- [What you will do]: Could you please output all of the data exactly, without the images?

Image-text web data
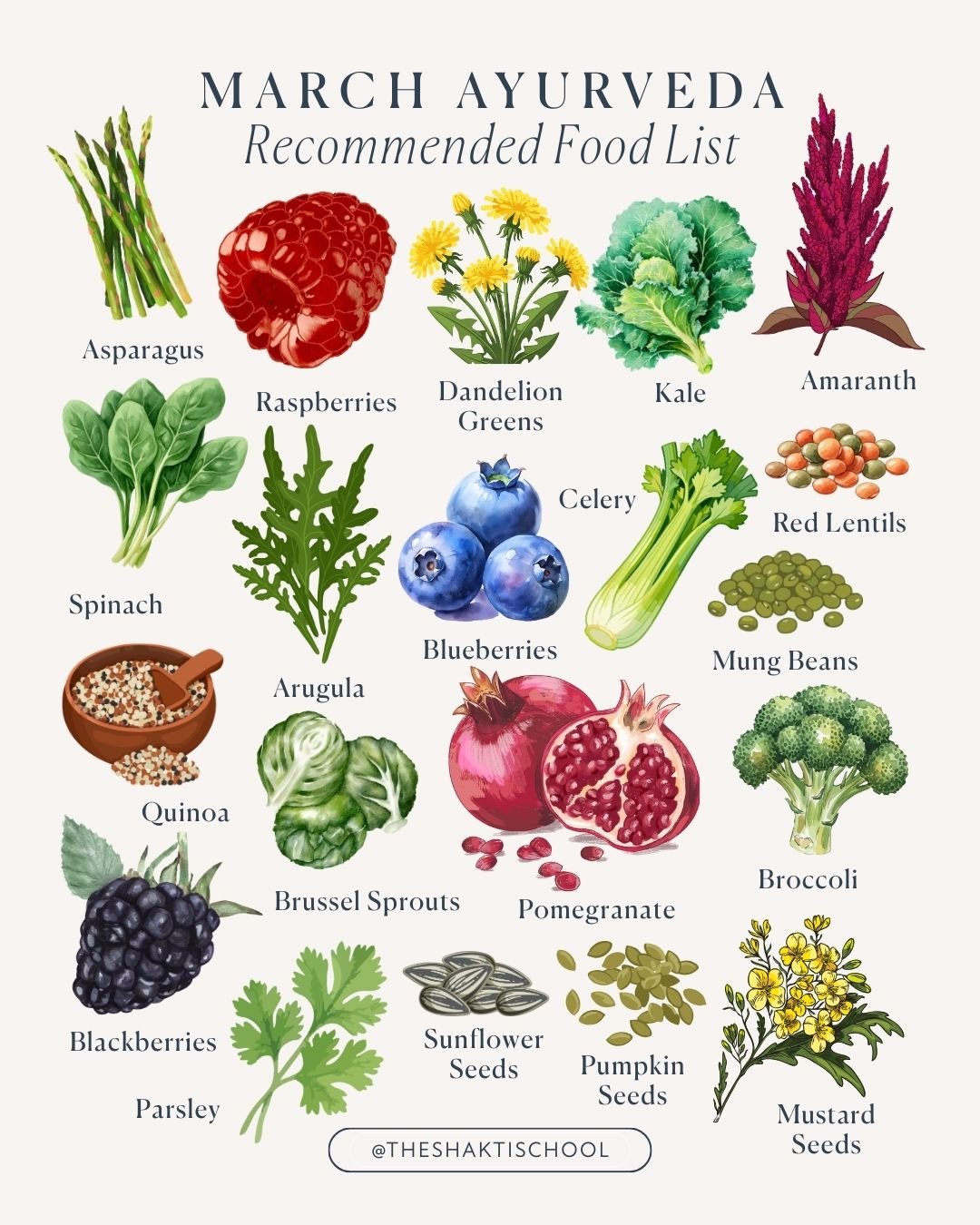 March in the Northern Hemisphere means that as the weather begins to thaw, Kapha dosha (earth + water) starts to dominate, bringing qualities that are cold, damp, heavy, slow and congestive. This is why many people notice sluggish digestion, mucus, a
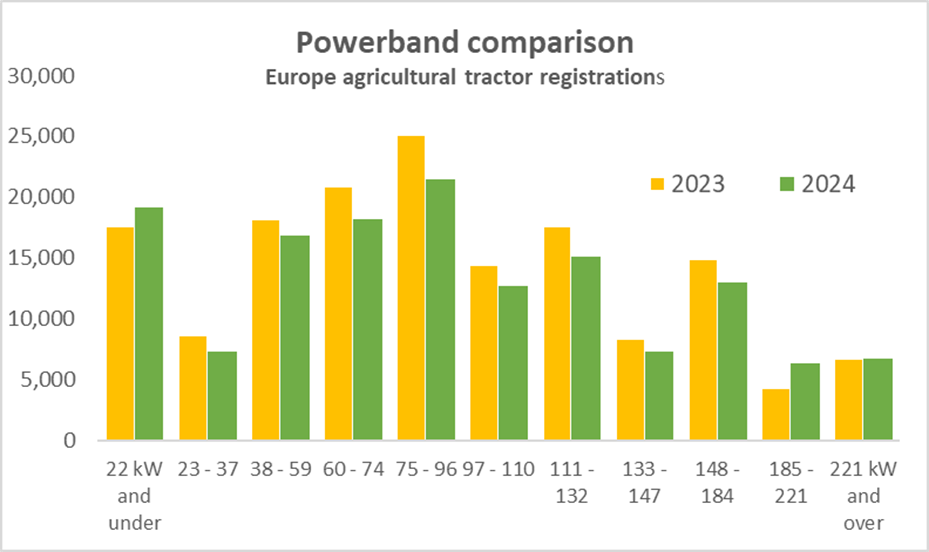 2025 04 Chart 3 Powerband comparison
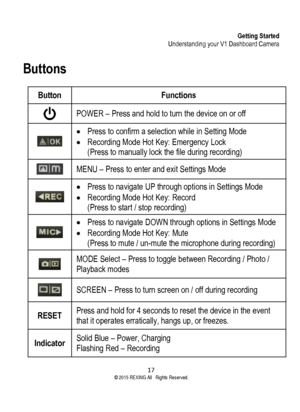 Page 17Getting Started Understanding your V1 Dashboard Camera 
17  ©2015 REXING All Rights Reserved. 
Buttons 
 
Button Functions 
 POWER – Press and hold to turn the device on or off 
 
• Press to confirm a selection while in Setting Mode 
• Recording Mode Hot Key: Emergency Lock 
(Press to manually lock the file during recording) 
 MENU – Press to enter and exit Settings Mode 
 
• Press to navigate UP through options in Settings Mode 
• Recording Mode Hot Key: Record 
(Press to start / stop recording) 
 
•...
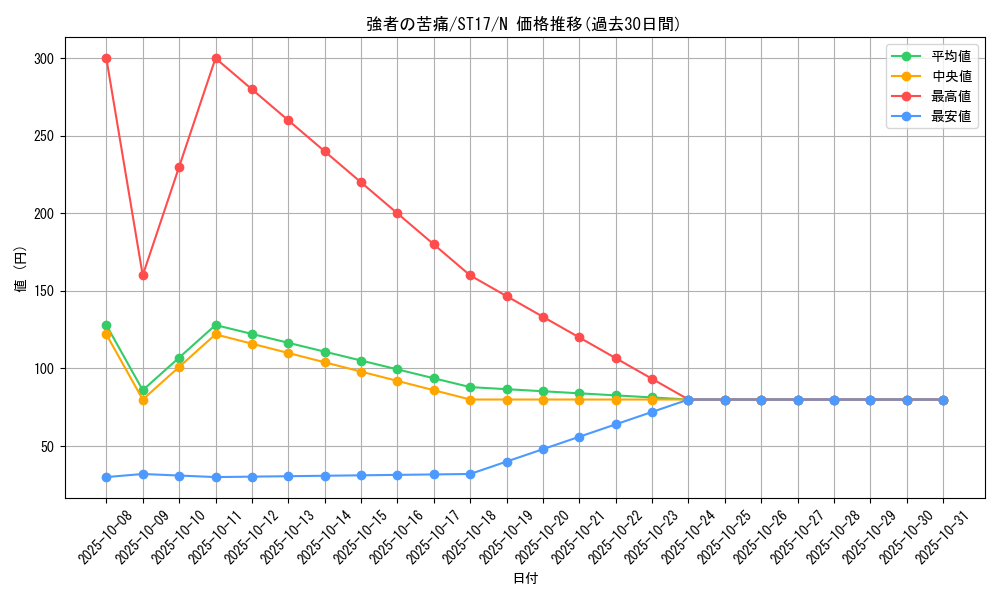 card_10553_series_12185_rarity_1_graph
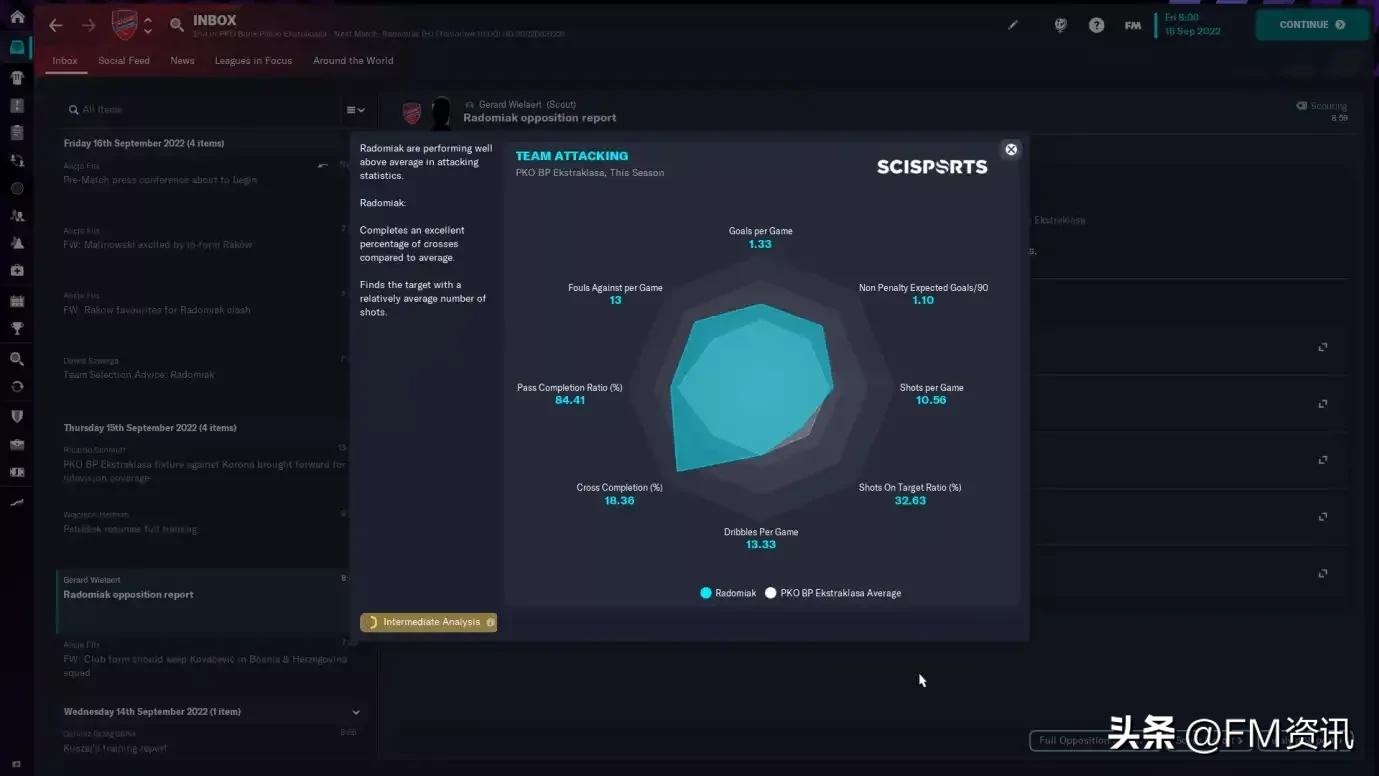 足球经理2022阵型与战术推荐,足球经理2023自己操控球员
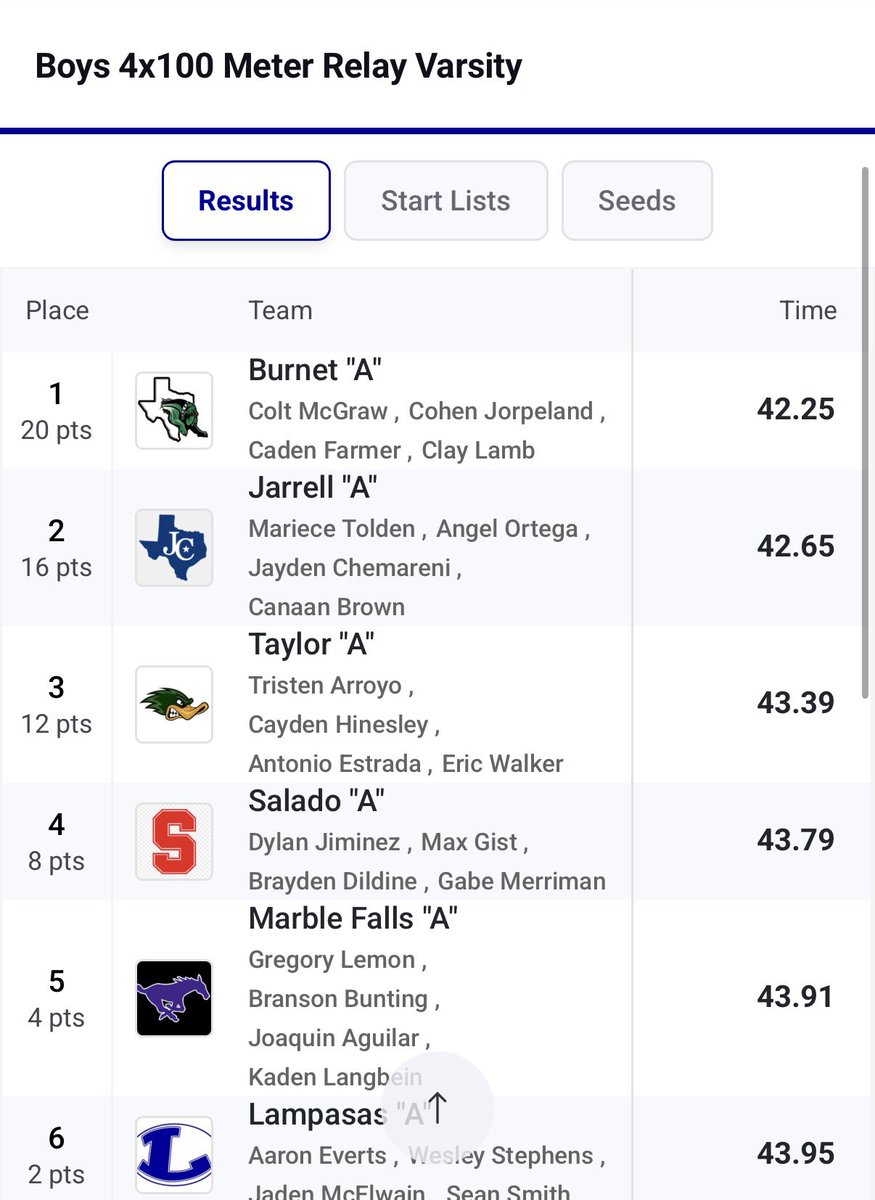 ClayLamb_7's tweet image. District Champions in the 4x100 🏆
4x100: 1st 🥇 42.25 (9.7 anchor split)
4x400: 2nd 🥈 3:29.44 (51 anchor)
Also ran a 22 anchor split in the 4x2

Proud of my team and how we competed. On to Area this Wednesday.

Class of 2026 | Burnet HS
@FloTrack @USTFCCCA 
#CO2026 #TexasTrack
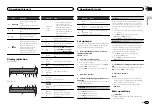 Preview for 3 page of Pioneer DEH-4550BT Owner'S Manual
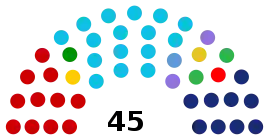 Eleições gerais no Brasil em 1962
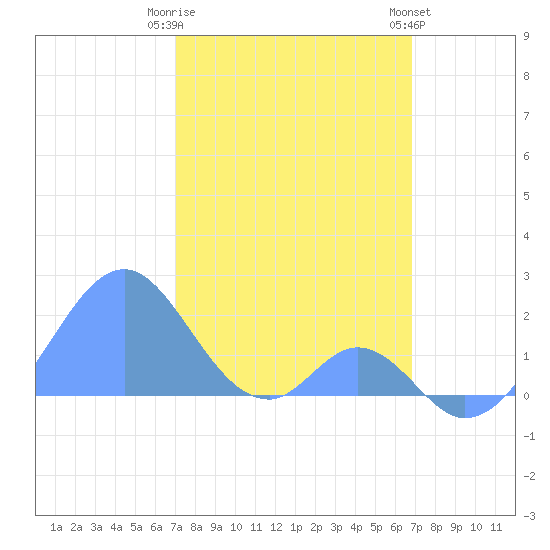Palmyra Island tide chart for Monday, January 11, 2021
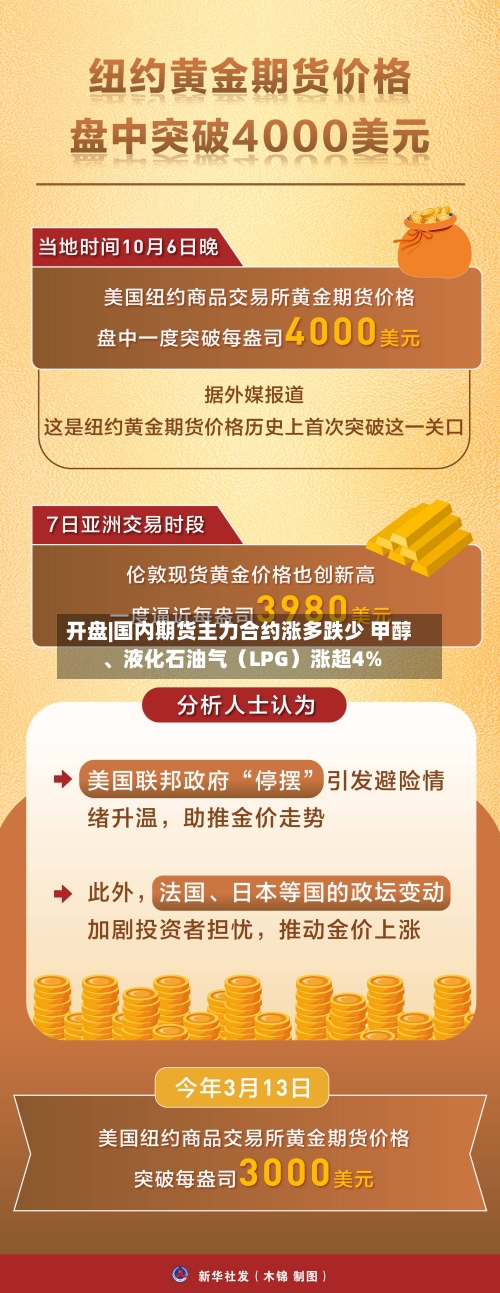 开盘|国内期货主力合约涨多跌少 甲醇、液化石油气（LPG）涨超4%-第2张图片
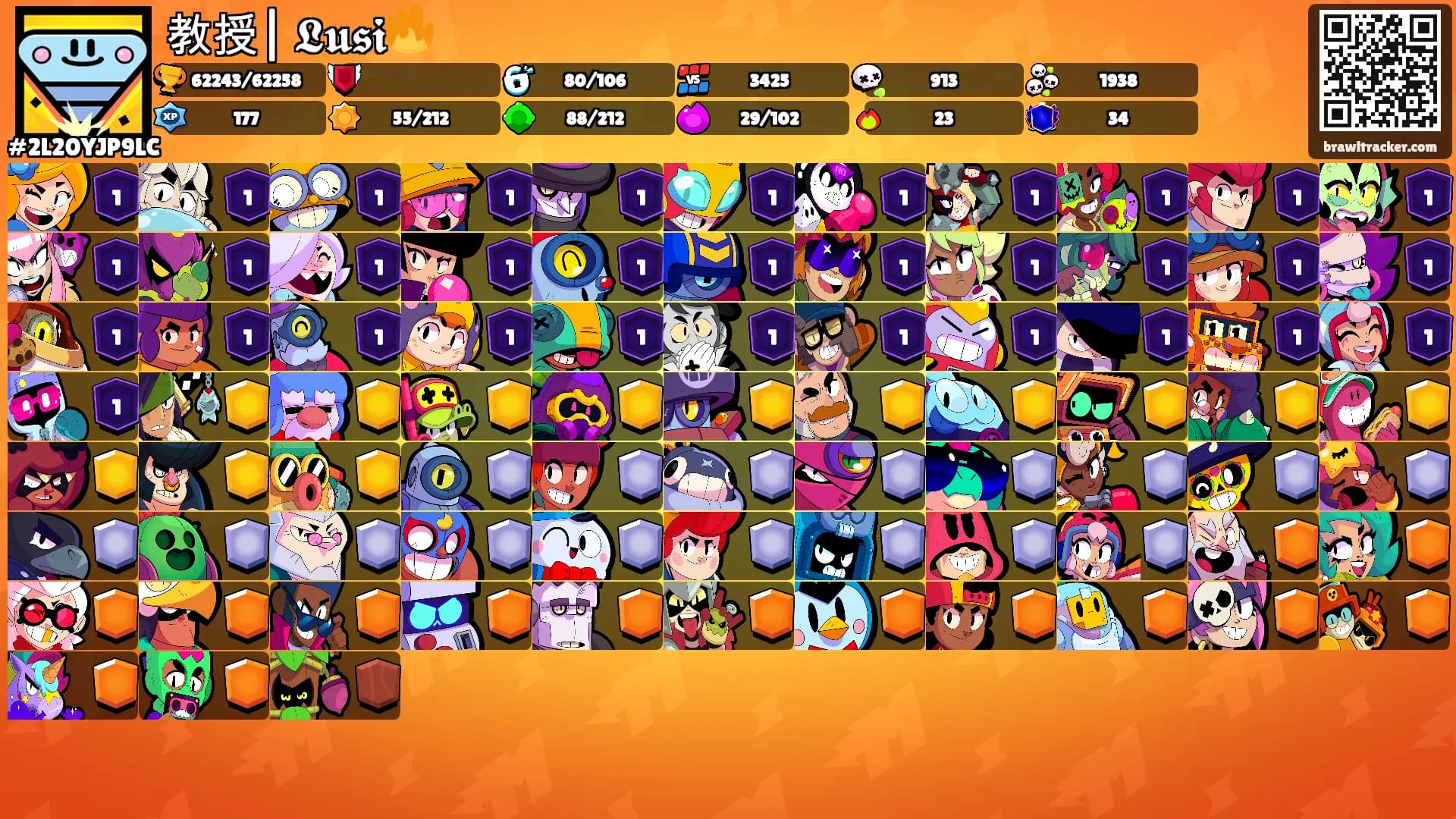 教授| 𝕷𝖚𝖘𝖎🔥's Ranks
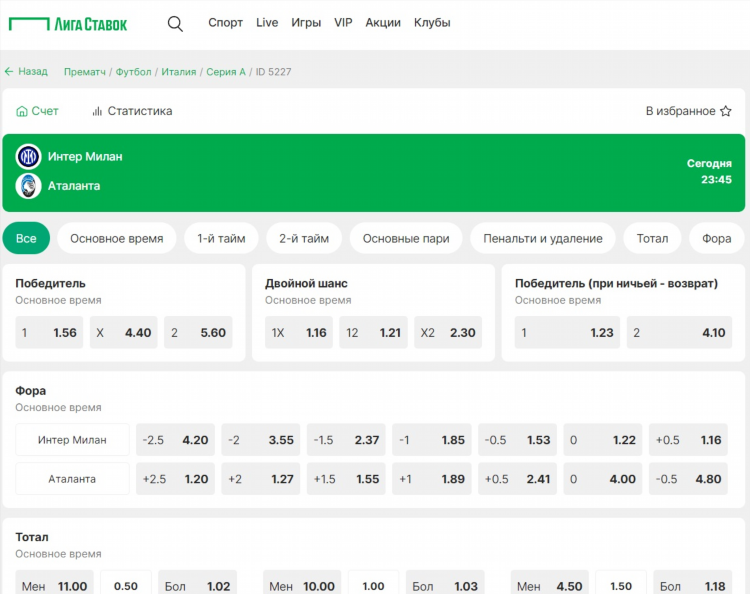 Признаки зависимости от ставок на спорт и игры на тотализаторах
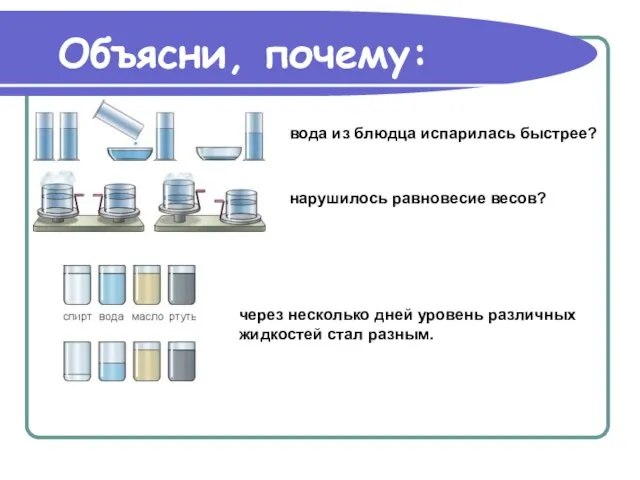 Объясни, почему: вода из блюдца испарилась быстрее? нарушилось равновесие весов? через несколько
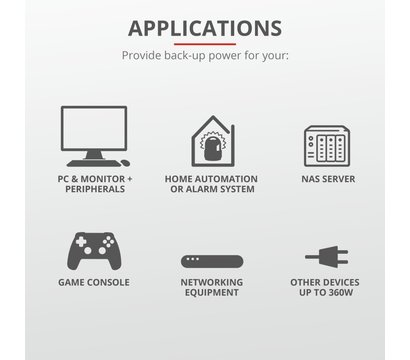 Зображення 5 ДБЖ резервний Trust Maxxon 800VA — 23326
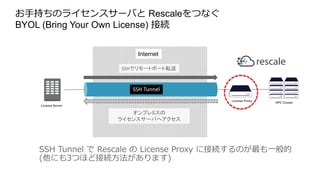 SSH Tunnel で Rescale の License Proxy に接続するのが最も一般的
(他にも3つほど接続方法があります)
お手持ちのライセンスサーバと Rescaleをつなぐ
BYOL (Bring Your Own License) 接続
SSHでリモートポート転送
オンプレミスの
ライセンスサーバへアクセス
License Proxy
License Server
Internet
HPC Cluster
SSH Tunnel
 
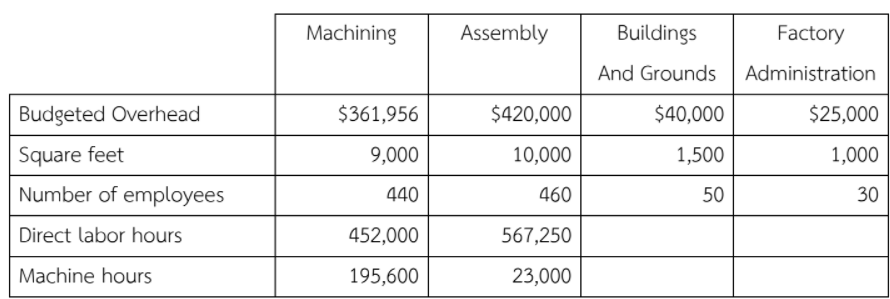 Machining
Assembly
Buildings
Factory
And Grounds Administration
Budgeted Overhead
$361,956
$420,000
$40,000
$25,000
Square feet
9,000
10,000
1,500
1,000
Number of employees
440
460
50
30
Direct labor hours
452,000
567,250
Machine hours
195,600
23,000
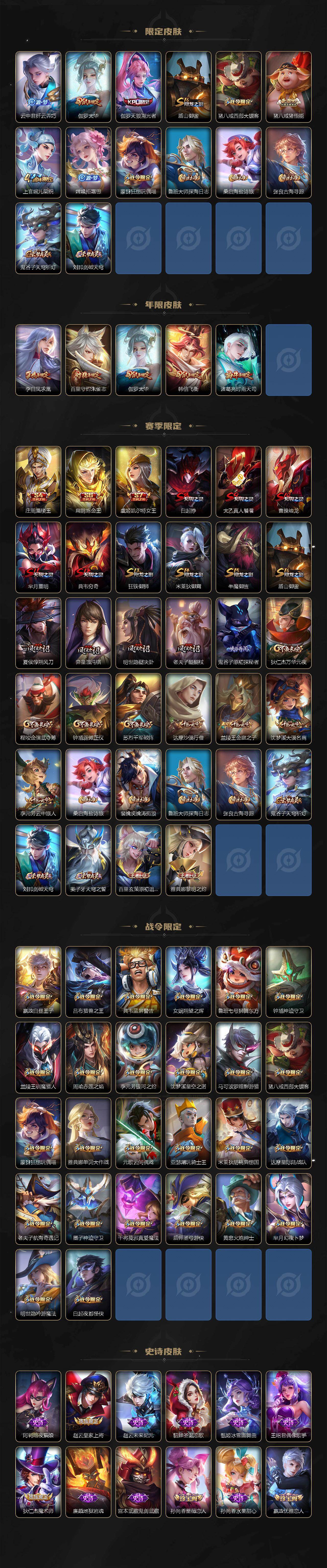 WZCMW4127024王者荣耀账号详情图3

- [Answer space]:
 March in the Northern Hemisphere means that as the weather begins to thaw, Kapha dosha (earth + water) starts to dominate, bringing qualities that are cold, damp, heavy, slow and congestive. This is why many people notice sluggish digestion, mucus, a
 2025 04 Chart 3 Powerband comparison
 Page 17Getting Started Understanding your V1 Dashboard Camera 
17  ©2015 REXING All Rights Reserved. 
Buttons 
 
Button Functions 
 POWER – Press and hold to turn the device on or off 
 
• Press to confirm a selection while in Setting Mode 
• Recording Mode Hot Key: Emergency Lock 
(Press to manually lock the file during recording) 
 MENU – Press to enter and exit Settings Mode 
 
• Press to navigate UP through options in Settings Mode 
• Recording Mode Hot Key: Record 
(Press to start / stop recording) 
 
•...
 card_10553_series_12185_rarity_1_graph
 足球经理2022阵型与战术推荐,足球经理2023自己操控球员
 ClayLamb_7's tweet image. District Champions in the 4x100 🏆
4x100: 1st 🥇 42.25 (9.7 anchor split)
4x400: 2nd 🥈 3:29.44 (51 anchor)
Also ran a 22 anchor split in the 4x2

Proud of my team and how we competed. On to Area this Wednesday.

Class of 2026 | Burnet HS
@FloTrack @USTFCCCA 
#CO2026 #TexasTrack
 Preview for 3 page of Pioneer DEH-4550BT Owner'S Manual
 Eleições gerais no Brasil em 1962
Palmyra Island tide chart for Monday, January 11, 2021
 开盘|国内期货主力合约涨多跌少 甲醇、液化石油气（LPG）涨超4%-第2张图片
 教授| 𝕷𝖚𝖘𝖎🔥's Ranks
 Признаки зависимости от ставок на спорт и игры на тотализаторах
 Объясни, почему: вода из блюдца испарилась быстрее? нарушилось равновесие весов? через несколько
 Зображення 5 ДБЖ резервний Trust Maxxon 800VA — 23326
 SSH Tunnel で Rescale の License Proxy に接続するのが最も一般的
(他にも3つほど接続方法があります)
お手持ちのライセンスサーバと Rescaleをつなぐ
BYOL (Bring Your Own License) 接続
SSHでリモートポート転送
オンプレミスの
ライセンスサーバへアクセス
License Proxy
License Server
Internet
HPC Cluster
SSH Tunnel
 
 Machining
Assembly
Buildings
Factory
And Grounds Administration
Budgeted Overhead
$361,956
$420,000
$40,000
$25,000
Square feet
9,000
10,000
1,500
1,000
Number of employees
440
460
50
30
Direct labor hours
452,000
567,250
Machine hours
195,600
23,000
 WZCMW4127024王者荣耀账号详情图3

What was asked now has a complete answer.